___ Records provided

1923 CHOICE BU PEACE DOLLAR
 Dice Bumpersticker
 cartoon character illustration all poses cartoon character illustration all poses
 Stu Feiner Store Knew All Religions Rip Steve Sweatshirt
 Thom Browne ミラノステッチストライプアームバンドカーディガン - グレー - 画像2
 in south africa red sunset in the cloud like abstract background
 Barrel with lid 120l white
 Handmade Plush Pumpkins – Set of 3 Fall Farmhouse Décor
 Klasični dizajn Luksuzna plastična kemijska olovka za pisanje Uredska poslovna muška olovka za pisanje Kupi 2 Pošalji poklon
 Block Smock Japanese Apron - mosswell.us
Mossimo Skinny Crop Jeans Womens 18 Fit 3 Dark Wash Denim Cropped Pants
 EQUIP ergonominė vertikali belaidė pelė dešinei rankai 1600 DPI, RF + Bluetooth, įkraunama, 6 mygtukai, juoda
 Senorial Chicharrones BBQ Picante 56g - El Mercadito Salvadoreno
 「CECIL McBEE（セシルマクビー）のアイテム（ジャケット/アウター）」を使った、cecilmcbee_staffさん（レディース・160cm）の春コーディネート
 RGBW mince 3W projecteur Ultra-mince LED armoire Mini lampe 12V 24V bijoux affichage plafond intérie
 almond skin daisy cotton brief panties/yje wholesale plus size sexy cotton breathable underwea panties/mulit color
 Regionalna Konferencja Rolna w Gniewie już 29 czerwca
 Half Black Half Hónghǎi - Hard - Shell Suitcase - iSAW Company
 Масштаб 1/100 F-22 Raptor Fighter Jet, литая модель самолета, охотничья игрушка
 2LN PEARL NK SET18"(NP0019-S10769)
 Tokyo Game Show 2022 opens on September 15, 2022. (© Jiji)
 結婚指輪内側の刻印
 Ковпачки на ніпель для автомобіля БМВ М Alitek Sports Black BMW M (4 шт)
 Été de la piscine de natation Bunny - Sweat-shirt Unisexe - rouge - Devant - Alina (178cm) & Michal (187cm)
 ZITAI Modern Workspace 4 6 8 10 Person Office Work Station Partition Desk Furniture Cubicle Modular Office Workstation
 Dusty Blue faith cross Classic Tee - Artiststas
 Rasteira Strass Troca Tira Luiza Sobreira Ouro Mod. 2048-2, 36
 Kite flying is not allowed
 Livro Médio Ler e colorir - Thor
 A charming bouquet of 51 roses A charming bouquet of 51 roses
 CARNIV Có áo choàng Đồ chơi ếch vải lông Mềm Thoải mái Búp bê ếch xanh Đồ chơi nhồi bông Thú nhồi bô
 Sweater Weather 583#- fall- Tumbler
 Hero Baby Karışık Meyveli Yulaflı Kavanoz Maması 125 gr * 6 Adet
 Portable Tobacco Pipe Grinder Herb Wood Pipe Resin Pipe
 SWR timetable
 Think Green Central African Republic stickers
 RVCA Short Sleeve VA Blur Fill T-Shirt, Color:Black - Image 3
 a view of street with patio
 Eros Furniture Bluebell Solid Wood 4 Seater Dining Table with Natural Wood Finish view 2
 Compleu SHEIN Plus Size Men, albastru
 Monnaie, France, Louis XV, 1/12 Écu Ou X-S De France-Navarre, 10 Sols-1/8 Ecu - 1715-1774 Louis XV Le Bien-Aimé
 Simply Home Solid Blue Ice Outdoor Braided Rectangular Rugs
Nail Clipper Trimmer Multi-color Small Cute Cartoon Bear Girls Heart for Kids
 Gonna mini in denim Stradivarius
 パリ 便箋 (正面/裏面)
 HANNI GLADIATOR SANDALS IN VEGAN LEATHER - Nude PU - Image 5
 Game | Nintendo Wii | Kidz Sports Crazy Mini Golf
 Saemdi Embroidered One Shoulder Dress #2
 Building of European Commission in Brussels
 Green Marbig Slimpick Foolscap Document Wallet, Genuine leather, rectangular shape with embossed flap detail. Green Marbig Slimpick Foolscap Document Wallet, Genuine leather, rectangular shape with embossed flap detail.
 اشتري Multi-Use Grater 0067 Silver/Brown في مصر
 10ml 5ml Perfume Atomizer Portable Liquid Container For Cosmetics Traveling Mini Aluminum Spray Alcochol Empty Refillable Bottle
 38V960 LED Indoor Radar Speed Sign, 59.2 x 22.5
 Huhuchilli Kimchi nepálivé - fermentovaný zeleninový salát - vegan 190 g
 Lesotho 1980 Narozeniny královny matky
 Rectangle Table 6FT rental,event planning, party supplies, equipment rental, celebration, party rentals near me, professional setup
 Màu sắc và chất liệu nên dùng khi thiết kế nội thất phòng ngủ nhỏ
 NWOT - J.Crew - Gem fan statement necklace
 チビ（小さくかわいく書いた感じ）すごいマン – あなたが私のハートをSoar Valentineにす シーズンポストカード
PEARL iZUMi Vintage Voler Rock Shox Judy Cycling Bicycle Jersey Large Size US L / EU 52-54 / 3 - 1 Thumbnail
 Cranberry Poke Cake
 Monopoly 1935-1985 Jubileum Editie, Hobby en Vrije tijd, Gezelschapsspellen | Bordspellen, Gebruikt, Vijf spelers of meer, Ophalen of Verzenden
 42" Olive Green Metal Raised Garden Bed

______

→ **To do**: Set down every record above exactly as written.

→ **Written reply**:
1923 CHOICE BU PEACE DOLLAR
 Dice Bumpersticker
 cartoon character illustration all poses cartoon character illustration all poses
 Stu Feiner Store Knew All Religions Rip Steve Sweatshirt
 Thom Browne ミラノステッチストライプアームバンドカーディガン - グレー - 画像2
 in south africa red sunset in the cloud like abstract background
 Barrel with lid 120l white
 Handmade Plush Pumpkins – Set of 3 Fall Farmhouse Décor
 Klasični dizajn Luksuzna plastična kemijska olovka za pisanje Uredska poslovna muška olovka za pisanje Kupi 2 Pošalji poklon
 Block Smock Japanese Apron - mosswell.us
Mossimo Skinny Crop Jeans Womens 18 Fit 3 Dark Wash Denim Cropped Pants
 EQUIP ergonominė vertikali belaidė pelė dešinei rankai 1600 DPI, RF + Bluetooth, įkraunama, 6 mygtukai, juoda
 Senorial Chicharrones BBQ Picante 56g - El Mercadito Salvadoreno
 「CECIL McBEE（セシルマクビー）のアイテム（ジャケット/アウター）」を使った、cecilmcbee_staffさん（レディース・160cm）の春コーディネート
 RGBW mince 3W projecteur Ultra-mince LED armoire Mini lampe 12V 24V bijoux affichage plafond intérie
 almond skin daisy cotton brief panties/yje wholesale plus size sexy cotton breathable underwea panties/mulit color
 Regionalna Konferencja Rolna w Gniewie już 29 czerwca
 Half Black Half Hónghǎi - Hard - Shell Suitcase - iSAW Company
 Масштаб 1/100 F-22 Raptor Fighter Jet, литая модель самолета, охотничья игрушка
 2LN PEARL NK SET18"(NP0019-S10769)
 Tokyo Game Show 2022 opens on September 15, 2022. (© Jiji)
 結婚指輪内側の刻印
 Ковпачки на ніпель для автомобіля БМВ М Alitek Sports Black BMW M (4 шт)
 Été de la piscine de natation Bunny - Sweat-shirt Unisexe - rouge - Devant - Alina (178cm) & Michal (187cm)
 ZITAI Modern Workspace 4 6 8 10 Person Office Work Station Partition Desk Furniture Cubicle Modular Office Workstation
 Dusty Blue faith cross Classic Tee - Artiststas
 Rasteira Strass Troca Tira Luiza Sobreira Ouro Mod. 2048-2, 36
 Kite flying is not allowed
 Livro Médio Ler e colorir - Thor
 A charming bouquet of 51 roses A charming bouquet of 51 roses
 CARNIV Có áo choàng Đồ chơi ếch vải lông Mềm Thoải mái Búp bê ếch xanh Đồ chơi nhồi bông Thú nhồi bô
 Sweater Weather 583#- fall- Tumbler
 Hero Baby Karışık Meyveli Yulaflı Kavanoz Maması 125 gr * 6 Adet
 Portable Tobacco Pipe Grinder Herb Wood Pipe Resin Pipe
 SWR timetable
 Think Green Central African Republic stickers
 RVCA Short Sleeve VA Blur Fill T-Shirt, Color:Black - Image 3
 a view of street with patio
 Eros Furniture Bluebell Solid Wood 4 Seater Dining Table with Natural Wood Finish view 2
 Compleu SHEIN Plus Size Men, albastru
 Monnaie, France, Louis XV, 1/12 Écu Ou X-S De France-Navarre, 10 Sols-1/8 Ecu - 1715-1774 Louis XV Le Bien-Aimé
 Simply Home Solid Blue Ice Outdoor Braided Rectangular Rugs
Nail Clipper Trimmer Multi-color Small Cute Cartoon Bear Girls Heart for Kids
 Gonna mini in denim Stradivarius
 パリ 便箋 (正面/裏面)
 HANNI GLADIATOR SANDALS IN VEGAN LEATHER - Nude PU - Image 5
 Game | Nintendo Wii | Kidz Sports Crazy Mini Golf
 Saemdi Embroidered One Shoulder Dress #2
 Building of European Commission in Brussels
 Green Marbig Slimpick Foolscap Document Wallet, Genuine leather, rectangular shape with embossed flap detail. Green Marbig Slimpick Foolscap Document Wallet, Genuine leather, rectangular shape with embossed flap detail.
 اشتري Multi-Use Grater 0067 Silver/Brown في مصر
 10ml 5ml Perfume Atomizer Portable Liquid Container For Cosmetics Traveling Mini Aluminum Spray Alcochol Empty Refillable Bottle
 38V960 LED Indoor Radar Speed Sign, 59.2 x 22.5
 Huhuchilli Kimchi nepálivé - fermentovaný zeleninový salát - vegan 190 g
 Lesotho 1980 Narozeniny královny matky
 Rectangle Table 6FT rental,event planning, party supplies, equipment rental, celebration, party rentals near me, professional setup
 Màu sắc và chất liệu nên dùng khi thiết kế nội thất phòng ngủ nhỏ
 NWOT - J.Crew - Gem fan statement necklace
 チビ（小さくかわいく書いた感じ）すごいマン – あなたが私のハートをSoar Valentineにす シーズンポストカード
PEARL iZUMi Vintage Voler Rock Shox Judy Cycling Bicycle Jersey Large Size US L / EU 52-54 / 3 - 1 Thumbnail
 Cranberry Poke Cake
 Monopoly 1935-1985 Jubileum Editie, Hobby en Vrije tijd, Gezelschapsspellen | Bordspellen, Gebruikt, Vijf spelers of meer, Ophalen of Verzenden
 42" Olive Green Metal Raised Garden Bed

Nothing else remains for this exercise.